■ Extracted data:
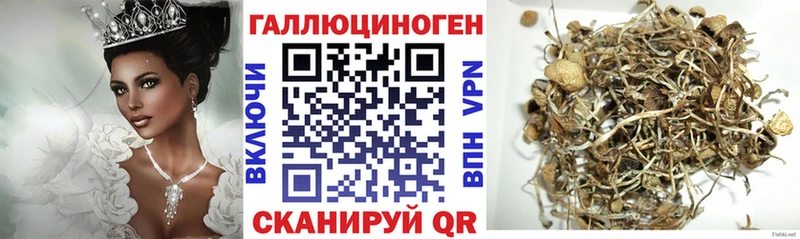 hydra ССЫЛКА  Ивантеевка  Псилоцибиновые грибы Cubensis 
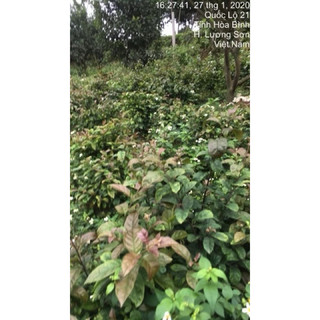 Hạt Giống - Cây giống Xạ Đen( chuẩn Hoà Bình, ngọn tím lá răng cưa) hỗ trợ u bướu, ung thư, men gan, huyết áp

...

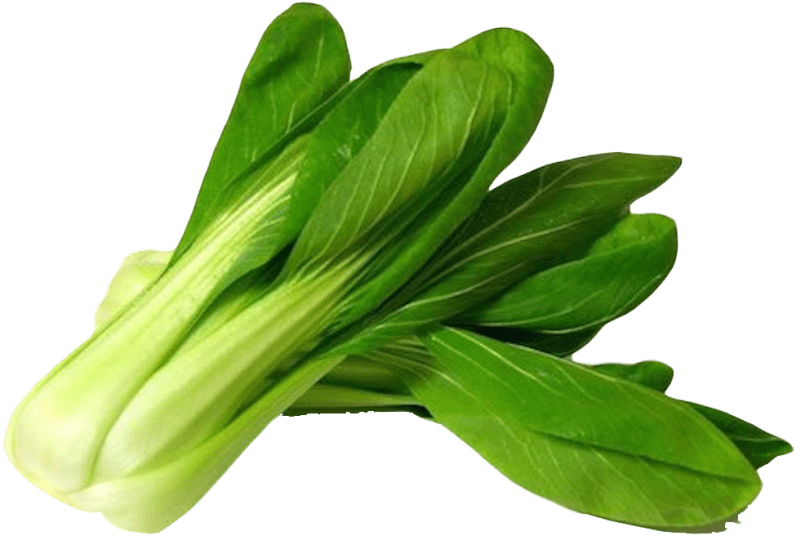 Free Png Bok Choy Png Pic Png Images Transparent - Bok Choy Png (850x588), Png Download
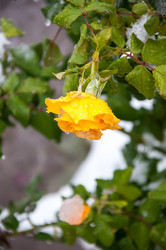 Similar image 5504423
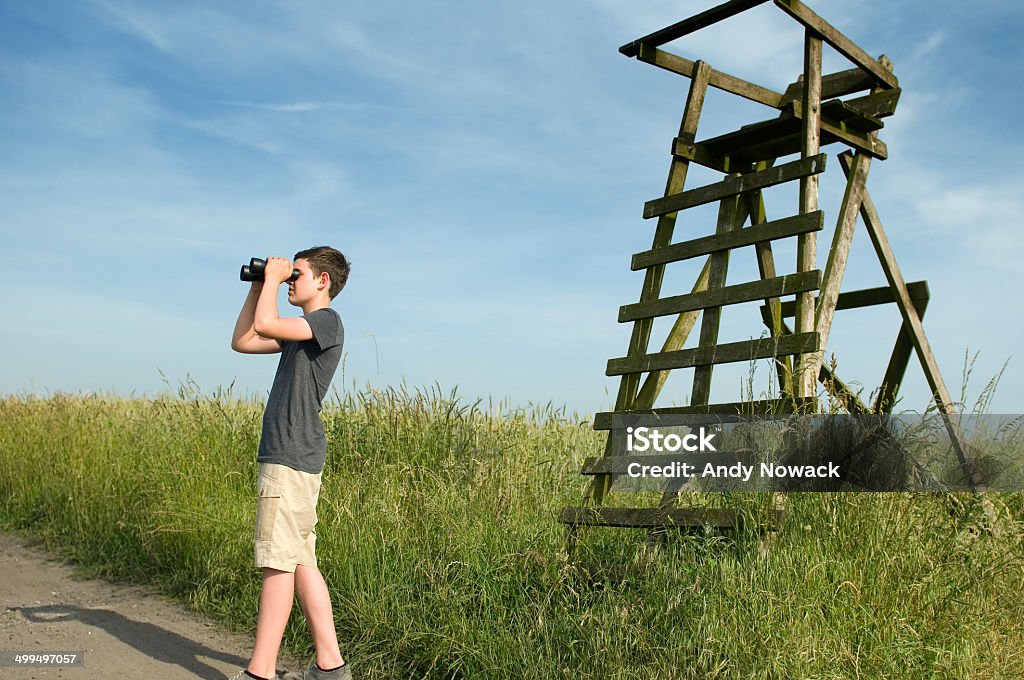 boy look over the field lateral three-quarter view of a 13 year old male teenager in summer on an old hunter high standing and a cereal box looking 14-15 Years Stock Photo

* * *

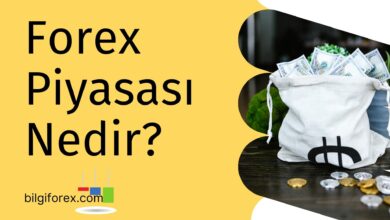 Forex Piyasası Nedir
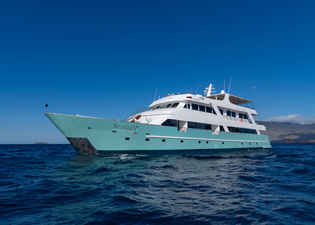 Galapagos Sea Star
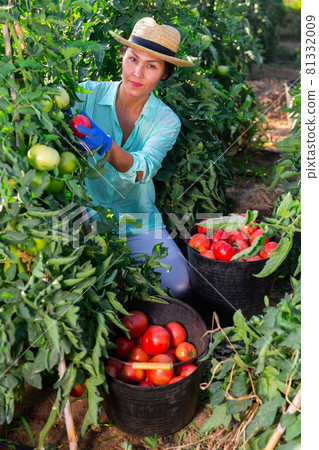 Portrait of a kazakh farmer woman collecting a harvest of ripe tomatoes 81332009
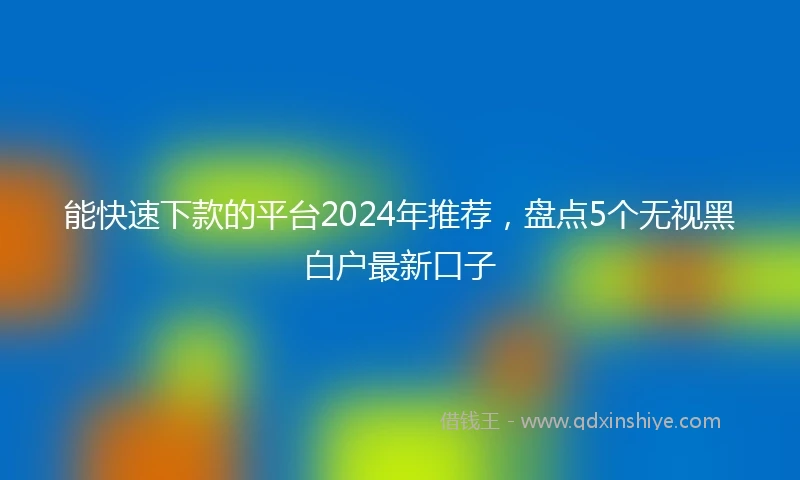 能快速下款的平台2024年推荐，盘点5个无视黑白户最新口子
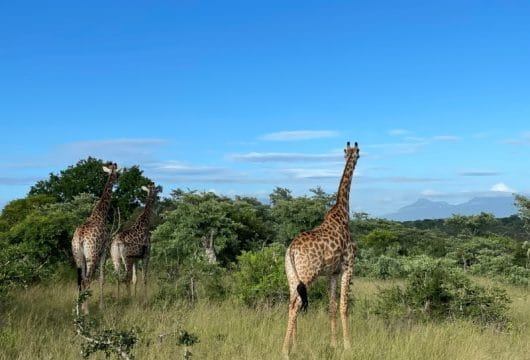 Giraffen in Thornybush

■ Work instructions: Range to copy from the records above: the line containing "Псилоцибиновые грибы Cubensis" to the line containing "Hạt Giống - Cây", both included. Output those lines exactly and only those, skipping pictures.

■ Worked solution:
 hydra ССЫЛКА  Ивантеевка  Псилоцибиновые грибы Cubensis 
 Hạt Giống - Cây giống Xạ Đen( chuẩn Hoà Bình, ngọn tím lá răng cưa) hỗ trợ u bướu, ung thư, men gan, huyết áp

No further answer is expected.